筆者らが過去に行ったインタビューでは、高齢者が終活として具体的に手を付けているのは、身の回りの物を捨てて整理することが主で、それもさほど進まないという話が多く聞かれました。お墓や葬儀、相続のことは誰に相談していいのかも分からないですし、いつそういった相談をすべきなのかも分からないのでつい後回しにしてしまう、というのがそのときの高齢者の心情でした。
そもそも、自分や家族が死んでしまうという、どちらかというとネガティブな場面の話ですし、これまでにしたことのない手配がたくさんあるとなれば、考えるのもおっくうになるのは当然といえます。
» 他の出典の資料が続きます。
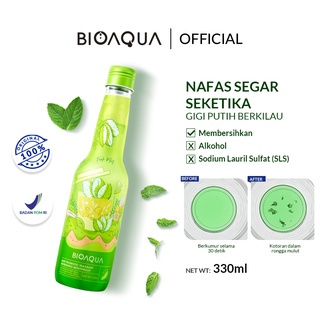 [BPOM] BIOAQUA Mouthwash 330ml Obat Kumur Probiotic Fragrant Refreshing Nafas Segar Pemutih Gigi Obat Kumur Karang Gigi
お墓、葬儀、相続、介護といったものは、それを利用する必要性が生じたときには、当然のことながら当人の状態はあまりよいとはいえないか、あるいは亡くなっていて自分で手配ができなくなっています。さらに、これらを代わりに手配してくれる親族がいないことも増えています。元気な間は自由に人生を謳歌できても、弱ったとき、亡くなったときは自分の望みはかなえられなくなってしまうリスクが高いのです。
将来確実に必要になることは分かっているのに、いつ誰にどうやって何を頼んでおいたらいいか分からない、というギャップに着目し、終活支援をサービスにする企業が複数出てきています。
例えば、日本郵便の「終活紹介サービス」、イオンライフの「イオンライフの終活」、ライフフォワードの「みんなが選んだ終活」などが挙げられます。これらは消費者の要望を相談によって整理し、提携している事業者とつなぐコンシェルジュ的なサービスです。終活といってもさまざまな要素を含んでおり、消費者側は何をどこから始めたらいいか分からずにいる点、ソリューションを提供するのが小規模かつローカルな事業者であることが多く、消費者が直接選ぶのが難しい点をカバーすることを狙ったものといえます。自治体がこういった事業者と提携し、住民から終活の相談が寄せられた際には対応を依頼するケースも少しずつ出てきています。
また、心身機能が弱ってきて、自分に必要な生活上の手配ができない人が増えるということは、権利擁護の観点からも課題とされています。これまで何度かこの連載で触れてきた成年後見制度の普及だけでなく、国は「新しい権利擁護」として、簡単な金銭管理や意思決定支援を提供できる体制を整備しようとしています。民間事業者によるサービスが充実してくるとともに、国や自治体も、家族が手助けできないことを前提として、高齢期の生活をどのように守れるかという課題に取り組みつつあります。
墓友
数週間後、彩子さん(仮名、50歳)は友人と久々に再会しました。自分たちや同窓生の近況をひとしきり交換した後、自分たちのお葬式やお墓の話になりました。友人は結婚しているのですが、子どもがおらず親族との付き合いもさほどないそうで、彩子さんが自分のお葬式を想像したときの話にはとても共感してくれました。
友人は、これから「墓友」を作るつもりだそうです。高齢になってからはシェアハウスで家族以外の人と共同生活をし、気の合う墓友とお墓を共同購入して入るというプランを楽しそうに話してくれました。
「いくら映りのいい写真を選んで、好きな音楽を流してもらって、ステキなお墓を作ったって、誰もお葬式やお墓に来てくれないんじゃ意味がないでしょう?」と言われ、彩子さんは改めて、これから先の人付き合いの大切さを切実に感じました。